Return the listing below unchanged, minus its pictures.

→ Dataset section

◇ ◇ ◇ ◇

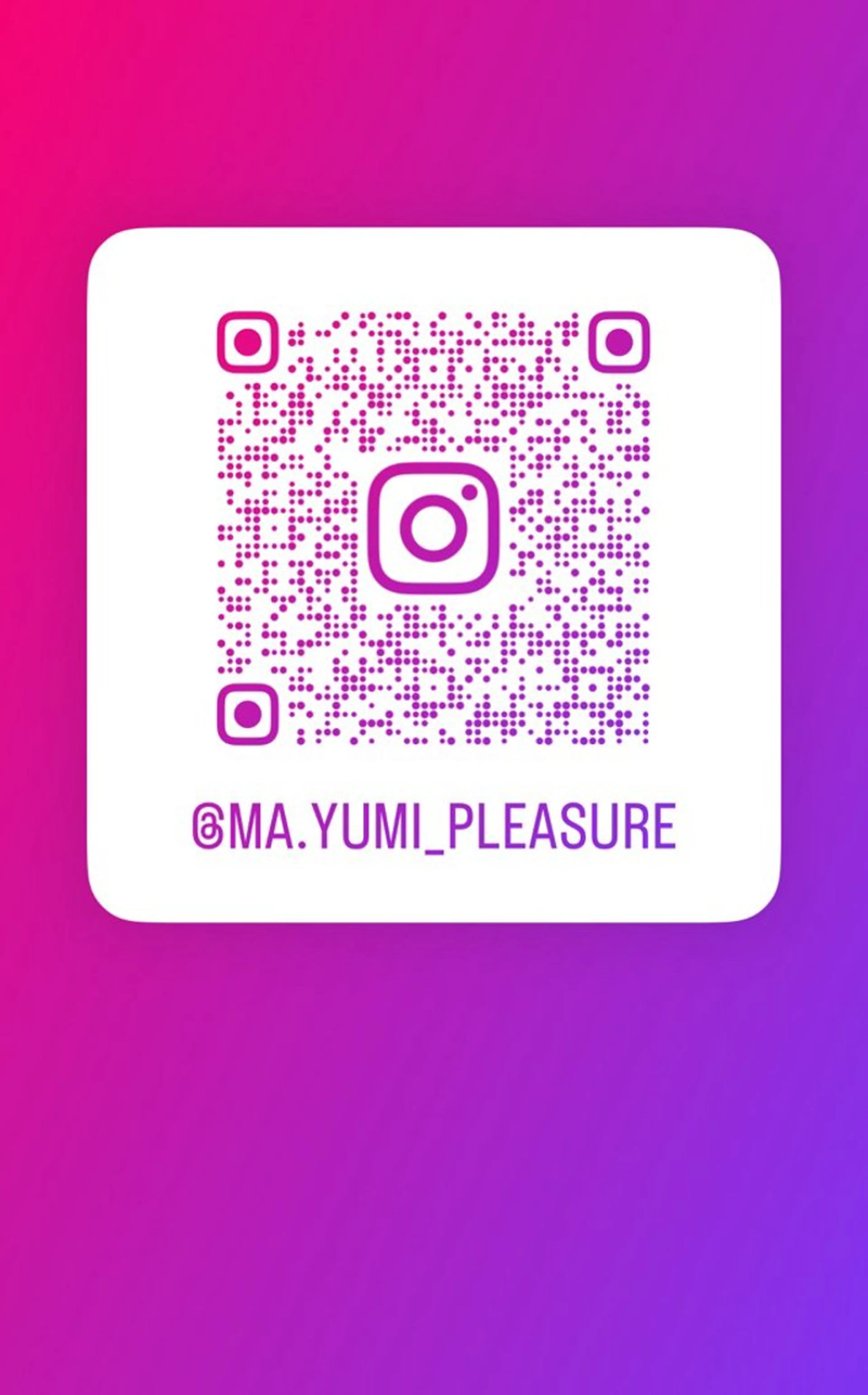 とどろき まゆみのエステ・リラクイメージ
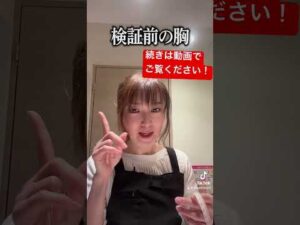 超検証！3日間マグロを食べたら胸は大きくなる？　#バストアップ #美容 #beauty #検証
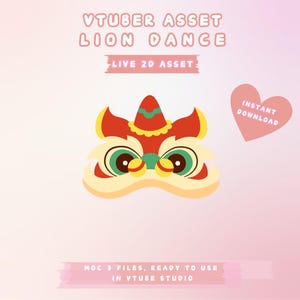Vtuber アセット | 中国の獅子舞の帽子、リグ付きアニメーション小道具、旧正月の贈り物、リグ付きアセット、帽子アセット、アニメーションアセット、Vtuber 帽子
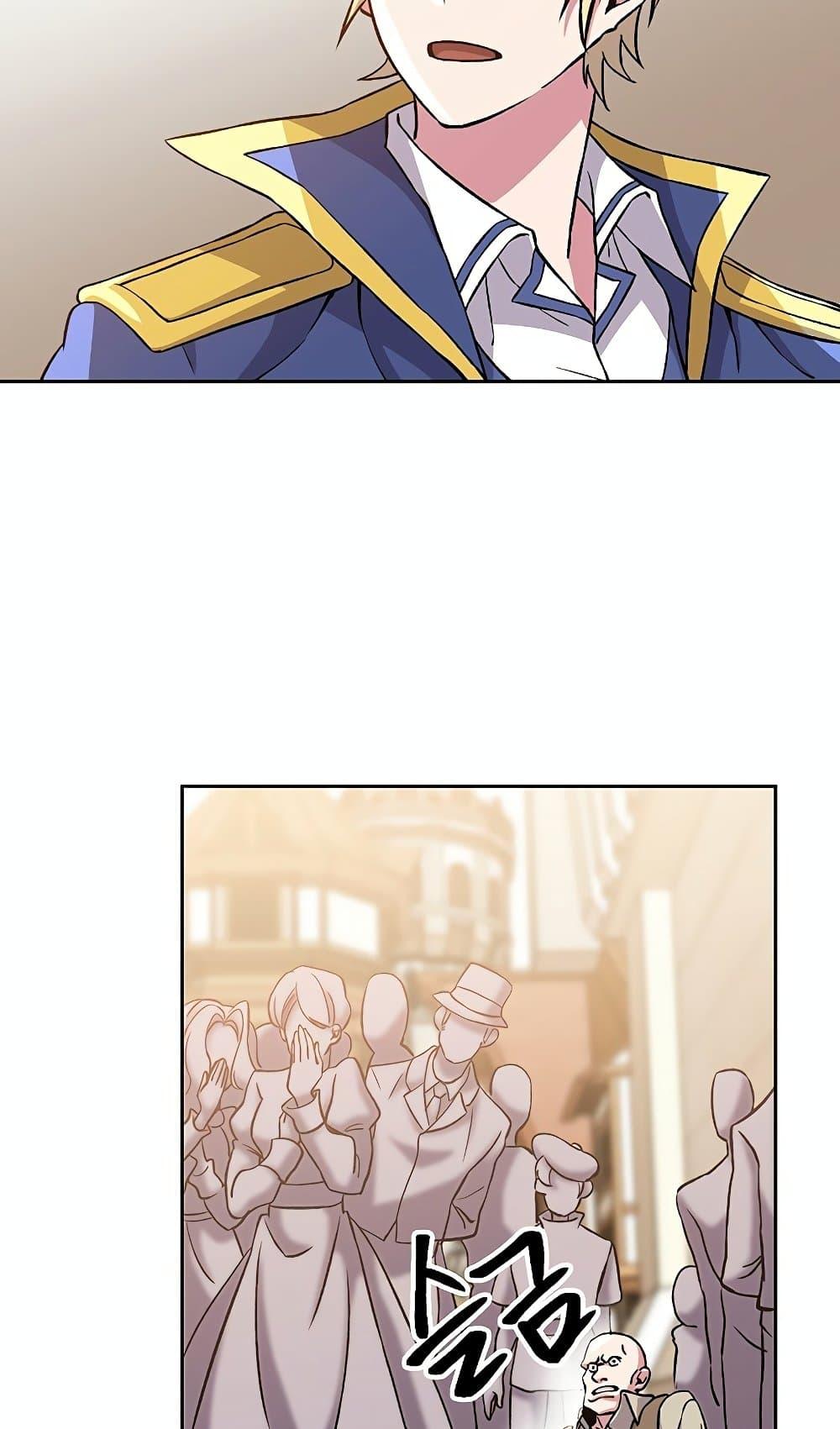 Archmage Transcending Through Regression ตอนที่ 27 หน้า 39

◇ ◇ ◇ ◇

→ Completed exercise
 とどろき まゆみのエステ・リラクイメージ
 超検証！3日間マグロを食べたら胸は大きくなる？　#バストアップ #美容 #beauty #検証
Vtuber アセット | 中国の獅子舞の帽子、リグ付きアニメーション小道具、旧正月の贈り物、リグ付きアセット、帽子アセット、アニメーションアセット、Vtuber 帽子
 Archmage Transcending Through Regression ตอนที่ 27 หน้า 39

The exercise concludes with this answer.